Re: Yerushala(y)im - or Biblical Hebrew

From: Peter_Constable@sil.org
Date: Tue Jul 08 2003 - 12:53:48 EDT

  • Next message: Kurosaka, Teruhiko: "RE: When is a character a currency sign?"

    Peter Kirk wrote on 07/08/2003 08:18:33 AM:

    > A couple of off list comments have made it clear to me that this
    > proposal needs some clarification and adjustment...

    > The solution for this sequence is as follows: Define a new combining
    > character something like HEBREW LIGATURE PATAH HIRIQ with a canonical
    > decomposition of hiriq - patah (yes, that way round) and a glyph with a
    > hiriq to the left of a patah... But when
    > this text is normalised into NFC, the sequence will first be reordered
    > as hiriq - patah, and then this combination will be composed into the
    > new ligature. That is correct, isn't it?

    Yes, but I wouldn't call it a ligature; I'd call it a precomposed or
    digraph character (and the glyph, I'd call a composite).

    > So an application which renders
    > the NFC text will see the new character and should render it according
    > to its glyph. In NFD text, the hiriq - patah sequence remains, but it
    > is, I think, customary if not required for the renderer to combine the
    > glyphs into the defined ligature before rendering.

    I'm not aware of anything that presently requires a renderer to combine
    the characters into a composite glyph, or to present the sequence of
    characters < hiriq, patah > with the hiriq to the left of the patah --
    remember, the description of Hebrew currently in Unicode assumes that such
    sequences don't occur.

    But, in order for your solution to work, this rendering would *have* to be
    required.
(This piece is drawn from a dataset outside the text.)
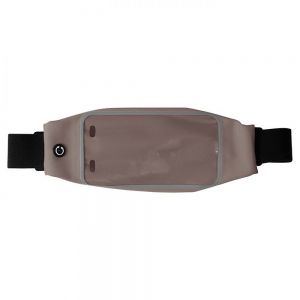CINTURÓN DEPORTIVO AJUSTABLE personalizada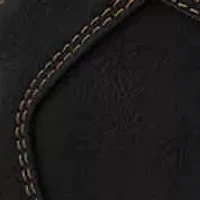 Men's Daybreaker Hi Sneakers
The fixed position classes would have to be understood as fixed
    relative positions; i.e. given this combination of marks, they are always
    positioned relative to one another in a fixed way, regardless of their
    encoded order. This would assume that any other positioning will never
    occur or be required -- true for cases that we know of, but it is possible
    that there are cases we do not know of, and that such a user need could
    exist in the future. You also haven't said anything about how to deal with
    accents that occur between the two vowel marks (though you did notice the
    issue), and the alternative of that same accent occuring either to the
    left or to the right of the pair of vowel marks (which offhand seems a
    likely potentiality with at least meteg -- I can't check that now since
    I'm away from the office); and these would have to be dealt with as well.

    Also, if the rendering of the sequence < hiriq, patah > is required to
    have hiriq to the left of the patah, then what's the point of having the
    additional digraph character? None that I can see. So, a simpler solution
    would simply to specify the relative ordering of certain combinations of
    vowel marks, regardless of the order in which they are encoded. But we'd
    still have the other issues I mentioned in the preceding paragraph.

    It is occuring to me that perhaps there is a way to address the stability
    issues that are a concern for IETF while fixing the combining classes for
    other purposes. I need to think about that some more, but that is seeming
    to me like (if the details can be worked out) the best hope for finding a
    solution without having a bunch of "Yeah, but..."s to deal with.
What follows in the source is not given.